If you have any ideas let me know. Pictures would be great as well if you've used the stuff!


----------



## jschaben (Apr 1, 2010)

wrkcrw00 said:


> So I had on my birthday list Rockler t-track and acc b/c the stuff is just cool. i've already made a few jigs with some of it and they work great.
> 
> Part of the gift was two pieces of the multi track and "L" brackets. great for building fences...but I was hoping for some ideas. I have a mini drill press that could use a table and fence...and eventually i want to build a router table...and wow there are so many options.
> 
> If you have any ideas let me know. Pictures would be great as well if you've used the stuff!
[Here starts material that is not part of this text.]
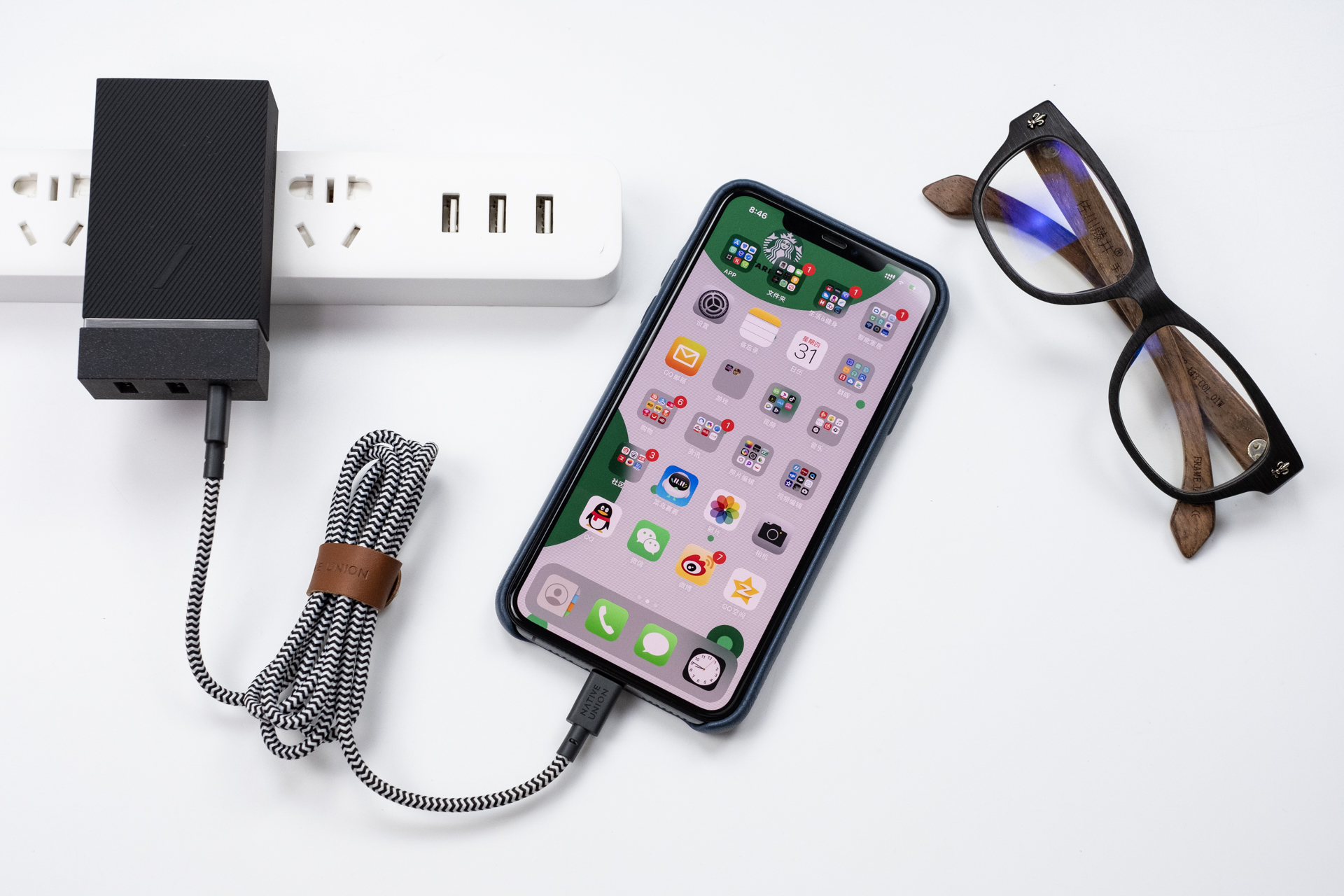 苹果官方体验店设计,苹果公司最具特点的专卖店设计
I've been eyeing that stuff for a table saw taper jig like this one
The weak spot in the Rockler jig is it looks to me like the fence can deflect when you tighten down the stock. Using a hunk of multi track should fix that little issue:yes:


----------



## wrkcrw00 (Apr 12, 2010)

I've been thinking about a taper jig...multi track would stiffen it up. Thanks for the suggestion.


----------



## davesplane (Apr 26, 2010)

there are a couple of companys out there that do the extruded aluminum for what ever you could think up.
look at 80/20 inc or frameworld, they list a lot of diffrent concepts that people have thought up.
with 80/20 it is the industrial erecter set!
some really cool stuff there!


----------



## wrkcrw00 (Apr 12, 2010)

davesplane said:


> there are a couple of companys out there that do the extruded aluminum for what ever you could think up.
> look at 80/20 inc or frameworld, they list a lot of diffrent concepts that people have thought up.
> with 80/20 it is the industrial erecter set!
> some really cool stuff there!


80/20 is a dream product. I've used it quite a bit at work (aerospace engineer). I wish I could buy it for all my shop needs, but when things are sold by the inch...they're probably too much for the average homeowner!

Good idea though to poke around and see if they have examples that I could glean ideas from for my shop.


----------



## Pirate (Jul 23, 2009)

jschaben said:


> I've been eyeing that stuff for a table saw taper jig like this one
> The weak spot in the Rockler jig is it looks to me like the fence can deflect when you tighten down the stock. Using a hunk of multi track should fix that little issue:yes:



I think multi track would be overkill to make a taper jig like the Rockler one. I made one with a few pieces of wood and it's fine.
Rockler has those hold downs on sale for $5.49 right now! And free shipping! Win win
Get your self a t slot bit, and you can make a lot of jigs


----------



## jschaben (Apr 1, 2010)

Pirate said:


> *I think multi track would be overkill* to make a taper jig like the Rockler one. I made one with a few pieces of wood and it's fine.
> Rockler has those hold downs on sale for $5.49 right now! And free shipping! Win win
> Get your self a t slot bit, and you can make a lot of jigs


:smile:I've been known to do that:laughing:. I've had a couple of problems in the past where the clamps would deflect the fence when tightened down. Could also be corrected by transfering the clamping forces to the base but that would entail a complex slotting arangement to make the fence moveable. I've got a couple of other ideas though. My biggest problem out here in the sticks is getting decent materials.


----------